Slippery hydrogel surface on PTFE hollow fiber membranes for sustainable emulsion separation

Abstract

Establishing an efficient and sustainable membrane module is of great significance for practical oil/water emulsion separation. Superwetting membranes are extensively studied but unable to meet long lasting separation due to inevitable membrane fouling. Here, we construct a hydrogel inter-mediated slippery surface on polytetrafluoroethylene (PTFE) hollow fibers, and then design a flexible and swing hollow fiber membrane module inspired by fish gill respiration, which achieves sustainable emulsion separation.

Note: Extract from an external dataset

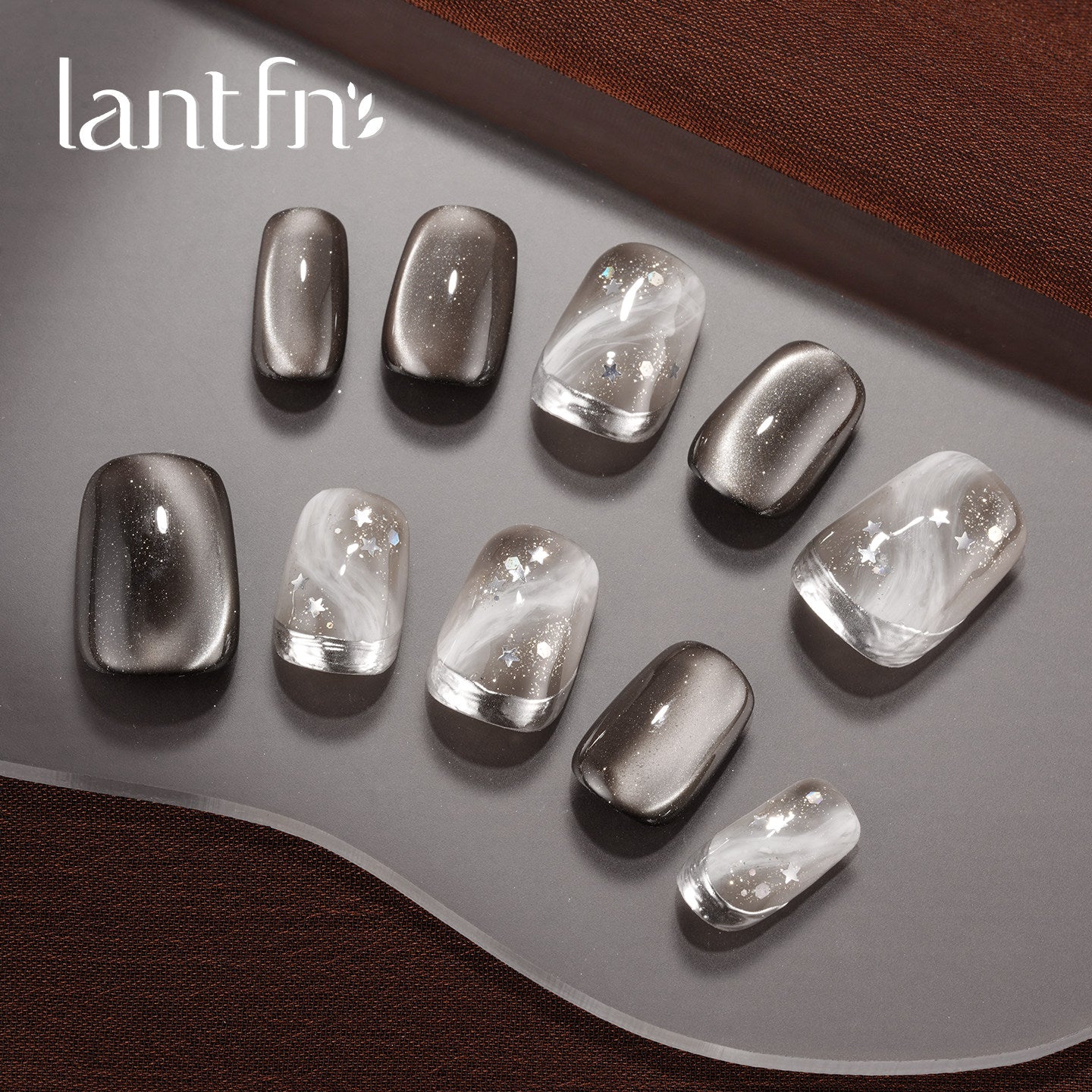 Press On Nails
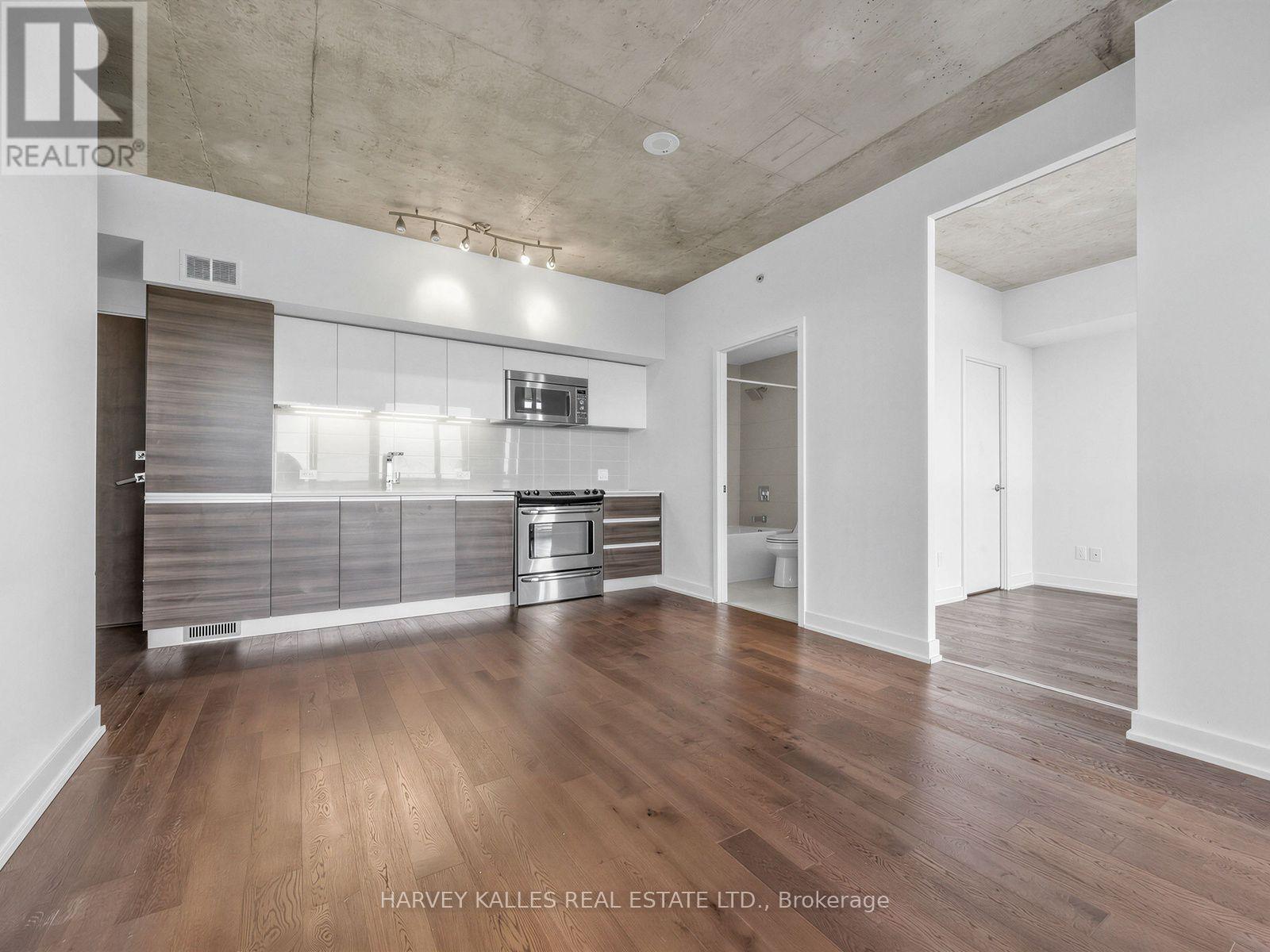 1114 - 1190 Dundas Street E, Toronto, Ontario M4M 1S3 - Photo 11 - E13874206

Vinyl silane crosslinked polyvinylpyrrolidone (PVP) hydrogel was interpenetrating with nano-fibrils of PTFE hollow fiber, thus facilitating fast water permeance while resisting oil intrusion. The liquid-like polydimethylsiloxane (PDMS) brushes were then grafted to promote oil aggregation-release from the membrane surface. Thanks to the heterogeneous surface and gill-like structure, the designed PTFE hollow fiber membrane module was able to purify emulsion in a long-term filtration process, maintaining high water permeability of 500 L m-2 h-1 bar-1 with separation efficiency over 99.9% for 5000 min. The novel technique shows its great potential to realize practical emulsions purification via solving the stubborn problem of membrane fouling and permeance decay.